◆ WHAT YOU ARE ASKED TO DO ◆
Starting with the line that contains "Jetour X70 2023" and stopping after the line that contains "Suntory Haku Japanese Vodka", return each line below exactly as written, with no others.
● ● ● ● ●
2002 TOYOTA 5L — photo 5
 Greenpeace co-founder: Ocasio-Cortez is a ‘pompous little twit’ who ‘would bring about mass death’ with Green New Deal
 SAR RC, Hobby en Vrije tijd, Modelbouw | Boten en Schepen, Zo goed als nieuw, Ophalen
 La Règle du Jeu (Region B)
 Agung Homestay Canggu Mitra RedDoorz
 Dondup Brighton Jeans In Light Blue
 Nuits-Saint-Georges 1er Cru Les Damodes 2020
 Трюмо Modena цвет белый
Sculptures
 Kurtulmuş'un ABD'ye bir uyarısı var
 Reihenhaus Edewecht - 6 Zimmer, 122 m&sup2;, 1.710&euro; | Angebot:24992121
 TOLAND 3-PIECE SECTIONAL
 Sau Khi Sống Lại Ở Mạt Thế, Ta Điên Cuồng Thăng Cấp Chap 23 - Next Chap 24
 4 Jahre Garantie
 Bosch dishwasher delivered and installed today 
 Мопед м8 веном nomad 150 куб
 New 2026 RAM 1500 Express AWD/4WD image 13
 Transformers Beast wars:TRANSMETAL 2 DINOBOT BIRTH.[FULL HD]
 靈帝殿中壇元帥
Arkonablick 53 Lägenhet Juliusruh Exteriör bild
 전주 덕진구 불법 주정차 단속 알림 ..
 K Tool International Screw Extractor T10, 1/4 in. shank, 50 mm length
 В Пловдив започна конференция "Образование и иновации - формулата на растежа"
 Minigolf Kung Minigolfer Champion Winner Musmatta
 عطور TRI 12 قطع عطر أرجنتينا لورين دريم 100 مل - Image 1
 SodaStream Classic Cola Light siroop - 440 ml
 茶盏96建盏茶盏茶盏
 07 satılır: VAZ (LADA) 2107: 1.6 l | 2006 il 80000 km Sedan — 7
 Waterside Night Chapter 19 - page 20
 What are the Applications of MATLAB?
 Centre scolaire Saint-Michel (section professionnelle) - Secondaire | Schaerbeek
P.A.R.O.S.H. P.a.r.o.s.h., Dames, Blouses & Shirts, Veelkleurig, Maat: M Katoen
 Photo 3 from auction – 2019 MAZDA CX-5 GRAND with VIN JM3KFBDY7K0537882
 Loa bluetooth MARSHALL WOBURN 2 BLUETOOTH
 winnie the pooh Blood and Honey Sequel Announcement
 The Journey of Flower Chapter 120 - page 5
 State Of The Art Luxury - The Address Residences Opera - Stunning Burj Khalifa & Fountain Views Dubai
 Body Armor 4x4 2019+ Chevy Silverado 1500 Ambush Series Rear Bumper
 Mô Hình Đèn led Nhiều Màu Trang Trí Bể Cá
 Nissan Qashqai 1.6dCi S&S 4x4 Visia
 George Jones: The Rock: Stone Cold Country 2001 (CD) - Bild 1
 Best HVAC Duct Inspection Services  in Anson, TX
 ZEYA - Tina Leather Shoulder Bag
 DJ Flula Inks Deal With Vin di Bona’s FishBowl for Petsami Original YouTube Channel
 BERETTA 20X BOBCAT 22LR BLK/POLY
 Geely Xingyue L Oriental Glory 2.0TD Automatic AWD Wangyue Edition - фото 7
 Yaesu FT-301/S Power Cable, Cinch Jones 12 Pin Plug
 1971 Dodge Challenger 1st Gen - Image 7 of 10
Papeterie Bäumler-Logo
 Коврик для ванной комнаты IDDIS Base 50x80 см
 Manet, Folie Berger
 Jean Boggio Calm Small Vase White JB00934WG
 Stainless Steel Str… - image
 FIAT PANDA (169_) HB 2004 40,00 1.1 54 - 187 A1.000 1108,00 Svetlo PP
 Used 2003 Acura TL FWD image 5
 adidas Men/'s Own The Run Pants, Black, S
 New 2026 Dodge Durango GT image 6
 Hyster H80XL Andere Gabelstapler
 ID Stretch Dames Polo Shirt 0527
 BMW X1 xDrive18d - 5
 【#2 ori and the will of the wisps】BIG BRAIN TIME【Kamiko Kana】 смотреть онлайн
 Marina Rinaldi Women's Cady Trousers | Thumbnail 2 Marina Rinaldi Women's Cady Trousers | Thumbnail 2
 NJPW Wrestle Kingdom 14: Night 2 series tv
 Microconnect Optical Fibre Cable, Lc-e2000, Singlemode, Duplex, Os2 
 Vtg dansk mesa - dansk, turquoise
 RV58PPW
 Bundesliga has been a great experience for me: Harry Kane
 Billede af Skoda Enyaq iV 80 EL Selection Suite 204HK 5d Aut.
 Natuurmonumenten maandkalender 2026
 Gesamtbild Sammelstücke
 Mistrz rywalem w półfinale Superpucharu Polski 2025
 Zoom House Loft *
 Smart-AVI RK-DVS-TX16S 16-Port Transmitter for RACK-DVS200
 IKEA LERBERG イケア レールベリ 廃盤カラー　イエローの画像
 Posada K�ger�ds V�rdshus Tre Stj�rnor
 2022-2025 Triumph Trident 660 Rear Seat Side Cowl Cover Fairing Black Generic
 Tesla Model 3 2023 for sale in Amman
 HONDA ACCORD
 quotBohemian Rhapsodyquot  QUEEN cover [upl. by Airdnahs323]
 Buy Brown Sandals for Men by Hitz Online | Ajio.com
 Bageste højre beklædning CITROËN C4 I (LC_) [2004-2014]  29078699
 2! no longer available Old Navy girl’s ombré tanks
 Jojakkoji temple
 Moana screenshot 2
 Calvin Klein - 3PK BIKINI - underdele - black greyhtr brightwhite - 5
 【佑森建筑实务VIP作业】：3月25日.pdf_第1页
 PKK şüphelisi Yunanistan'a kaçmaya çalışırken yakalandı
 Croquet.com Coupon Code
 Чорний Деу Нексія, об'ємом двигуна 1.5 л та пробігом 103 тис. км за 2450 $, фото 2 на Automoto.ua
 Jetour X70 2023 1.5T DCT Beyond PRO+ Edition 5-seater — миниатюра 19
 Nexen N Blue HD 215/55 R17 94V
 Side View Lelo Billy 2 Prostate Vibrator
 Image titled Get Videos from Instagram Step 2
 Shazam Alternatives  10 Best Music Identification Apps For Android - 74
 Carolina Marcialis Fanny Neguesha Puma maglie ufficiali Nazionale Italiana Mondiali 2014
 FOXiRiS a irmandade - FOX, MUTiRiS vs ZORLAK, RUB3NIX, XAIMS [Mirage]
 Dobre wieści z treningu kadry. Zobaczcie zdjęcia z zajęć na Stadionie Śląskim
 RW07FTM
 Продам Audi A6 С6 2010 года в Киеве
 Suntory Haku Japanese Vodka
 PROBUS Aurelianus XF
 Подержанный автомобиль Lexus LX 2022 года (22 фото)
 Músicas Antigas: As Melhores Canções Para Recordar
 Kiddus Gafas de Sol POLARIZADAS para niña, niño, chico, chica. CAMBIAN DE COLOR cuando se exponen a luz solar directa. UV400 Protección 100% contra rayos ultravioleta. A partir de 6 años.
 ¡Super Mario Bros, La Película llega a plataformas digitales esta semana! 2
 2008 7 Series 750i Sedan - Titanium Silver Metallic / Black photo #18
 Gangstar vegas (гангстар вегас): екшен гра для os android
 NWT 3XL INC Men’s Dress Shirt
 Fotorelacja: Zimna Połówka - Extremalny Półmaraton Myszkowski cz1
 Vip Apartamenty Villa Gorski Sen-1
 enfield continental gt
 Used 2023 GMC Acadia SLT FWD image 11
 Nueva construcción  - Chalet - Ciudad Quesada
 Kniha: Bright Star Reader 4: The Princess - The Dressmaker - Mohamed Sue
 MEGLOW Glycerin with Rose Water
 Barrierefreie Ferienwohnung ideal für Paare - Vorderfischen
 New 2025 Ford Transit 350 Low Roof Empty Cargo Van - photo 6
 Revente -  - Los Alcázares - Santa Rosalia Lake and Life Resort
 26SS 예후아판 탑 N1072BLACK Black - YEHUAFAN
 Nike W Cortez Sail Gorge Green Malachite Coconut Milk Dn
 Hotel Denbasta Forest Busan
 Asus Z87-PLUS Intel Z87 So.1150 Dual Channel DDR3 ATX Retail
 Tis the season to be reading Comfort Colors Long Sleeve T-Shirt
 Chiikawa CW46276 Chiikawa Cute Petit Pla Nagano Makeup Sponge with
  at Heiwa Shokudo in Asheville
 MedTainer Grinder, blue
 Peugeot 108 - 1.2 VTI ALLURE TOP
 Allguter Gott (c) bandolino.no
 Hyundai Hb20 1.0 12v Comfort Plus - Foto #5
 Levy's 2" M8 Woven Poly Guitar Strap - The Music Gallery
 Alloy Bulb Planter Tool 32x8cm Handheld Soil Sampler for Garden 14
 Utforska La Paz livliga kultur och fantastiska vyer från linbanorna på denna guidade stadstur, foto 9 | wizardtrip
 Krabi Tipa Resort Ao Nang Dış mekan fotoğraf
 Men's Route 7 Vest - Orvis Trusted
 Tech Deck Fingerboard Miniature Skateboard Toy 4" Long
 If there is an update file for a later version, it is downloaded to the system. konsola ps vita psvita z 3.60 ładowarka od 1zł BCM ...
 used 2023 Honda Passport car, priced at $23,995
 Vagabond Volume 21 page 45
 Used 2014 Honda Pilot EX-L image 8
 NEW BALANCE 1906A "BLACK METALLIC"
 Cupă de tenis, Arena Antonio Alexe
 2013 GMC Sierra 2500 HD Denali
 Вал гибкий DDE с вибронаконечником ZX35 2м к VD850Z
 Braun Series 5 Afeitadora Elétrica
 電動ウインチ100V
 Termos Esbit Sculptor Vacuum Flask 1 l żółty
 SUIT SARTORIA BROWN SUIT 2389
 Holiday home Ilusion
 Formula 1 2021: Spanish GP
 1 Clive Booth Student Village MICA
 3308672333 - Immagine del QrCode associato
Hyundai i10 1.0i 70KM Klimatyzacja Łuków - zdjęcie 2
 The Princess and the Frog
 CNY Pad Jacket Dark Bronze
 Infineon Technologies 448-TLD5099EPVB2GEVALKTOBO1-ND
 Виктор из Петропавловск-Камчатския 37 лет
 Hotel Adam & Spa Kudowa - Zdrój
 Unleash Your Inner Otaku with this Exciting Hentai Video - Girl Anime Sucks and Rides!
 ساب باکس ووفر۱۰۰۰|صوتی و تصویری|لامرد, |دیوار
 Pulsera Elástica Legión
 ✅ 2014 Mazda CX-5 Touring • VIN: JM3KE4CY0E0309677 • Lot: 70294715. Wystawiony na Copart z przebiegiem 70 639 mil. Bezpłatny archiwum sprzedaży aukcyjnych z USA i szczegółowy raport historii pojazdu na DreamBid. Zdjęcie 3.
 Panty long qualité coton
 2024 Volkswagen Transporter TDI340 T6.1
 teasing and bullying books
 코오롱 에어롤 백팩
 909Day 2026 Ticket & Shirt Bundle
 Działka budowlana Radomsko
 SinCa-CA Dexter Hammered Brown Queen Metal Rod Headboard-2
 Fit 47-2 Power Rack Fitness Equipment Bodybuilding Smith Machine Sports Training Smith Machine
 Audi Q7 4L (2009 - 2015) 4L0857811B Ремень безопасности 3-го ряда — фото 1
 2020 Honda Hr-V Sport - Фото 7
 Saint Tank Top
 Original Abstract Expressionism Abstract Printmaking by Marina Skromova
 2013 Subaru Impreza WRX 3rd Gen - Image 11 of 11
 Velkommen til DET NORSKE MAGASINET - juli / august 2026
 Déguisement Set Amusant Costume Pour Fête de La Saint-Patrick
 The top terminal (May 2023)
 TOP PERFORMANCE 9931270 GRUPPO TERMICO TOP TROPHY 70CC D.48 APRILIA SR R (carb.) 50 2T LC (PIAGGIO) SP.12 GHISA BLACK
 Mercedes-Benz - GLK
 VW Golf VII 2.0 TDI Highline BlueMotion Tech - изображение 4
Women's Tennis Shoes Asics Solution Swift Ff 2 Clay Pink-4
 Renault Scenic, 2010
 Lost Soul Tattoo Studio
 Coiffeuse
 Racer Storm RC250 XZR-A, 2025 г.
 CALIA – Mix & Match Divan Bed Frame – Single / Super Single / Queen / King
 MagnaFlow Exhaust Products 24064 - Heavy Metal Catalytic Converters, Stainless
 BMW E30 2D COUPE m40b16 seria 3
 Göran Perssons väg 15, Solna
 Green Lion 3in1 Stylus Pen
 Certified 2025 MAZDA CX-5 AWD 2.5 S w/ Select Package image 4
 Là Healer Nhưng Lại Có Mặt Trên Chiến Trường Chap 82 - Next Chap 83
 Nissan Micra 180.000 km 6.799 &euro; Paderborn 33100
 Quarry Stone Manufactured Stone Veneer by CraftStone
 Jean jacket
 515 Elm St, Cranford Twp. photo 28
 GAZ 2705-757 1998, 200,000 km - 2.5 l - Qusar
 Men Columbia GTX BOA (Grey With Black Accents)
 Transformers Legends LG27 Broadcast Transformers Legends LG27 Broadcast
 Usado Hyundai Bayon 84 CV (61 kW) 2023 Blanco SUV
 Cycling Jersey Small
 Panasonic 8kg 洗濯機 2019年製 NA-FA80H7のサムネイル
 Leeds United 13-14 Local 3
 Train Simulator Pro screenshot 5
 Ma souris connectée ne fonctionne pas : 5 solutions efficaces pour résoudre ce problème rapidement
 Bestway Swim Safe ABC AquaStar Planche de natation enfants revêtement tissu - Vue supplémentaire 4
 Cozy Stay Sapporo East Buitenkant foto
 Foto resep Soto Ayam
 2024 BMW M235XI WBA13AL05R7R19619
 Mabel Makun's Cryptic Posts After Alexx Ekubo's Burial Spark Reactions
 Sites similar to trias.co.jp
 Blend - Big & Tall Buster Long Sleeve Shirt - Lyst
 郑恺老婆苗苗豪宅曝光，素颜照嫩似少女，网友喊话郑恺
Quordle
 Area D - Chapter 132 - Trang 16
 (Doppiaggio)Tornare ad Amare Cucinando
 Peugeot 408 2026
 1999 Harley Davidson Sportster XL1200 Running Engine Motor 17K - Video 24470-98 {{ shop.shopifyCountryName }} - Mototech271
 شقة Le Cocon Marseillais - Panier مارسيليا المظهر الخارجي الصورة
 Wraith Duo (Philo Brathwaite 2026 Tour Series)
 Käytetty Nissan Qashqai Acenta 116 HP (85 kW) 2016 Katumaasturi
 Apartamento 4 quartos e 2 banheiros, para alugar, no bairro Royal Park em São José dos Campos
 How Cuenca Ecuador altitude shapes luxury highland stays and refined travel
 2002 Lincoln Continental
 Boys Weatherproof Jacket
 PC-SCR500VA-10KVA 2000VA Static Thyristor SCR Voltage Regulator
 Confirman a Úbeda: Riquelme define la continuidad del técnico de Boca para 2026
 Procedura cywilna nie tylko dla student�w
● ● ● ● ●
◆ PROBLEM SOLUTION ◆
 Jetour X70 2023 1.5T DCT Beyond PRO+ Edition 5-seater — миниатюра 19
 Nexen N Blue HD 215/55 R17 94V
 Side View Lelo Billy 2 Prostate Vibrator
 Image titled Get Videos from Instagram Step 2
 Shazam Alternatives  10 Best Music Identification Apps For Android - 74
 Carolina Marcialis Fanny Neguesha Puma maglie ufficiali Nazionale Italiana Mondiali 2014
 FOXiRiS a irmandade - FOX, MUTiRiS vs ZORLAK, RUB3NIX, XAIMS [Mirage]
 Dobre wieści z treningu kadry. Zobaczcie zdjęcia z zajęć na Stadionie Śląskim
 RW07FTM
 Продам Audi A6 С6 2010 года в Киеве
 Suntory Haku Japanese Vodka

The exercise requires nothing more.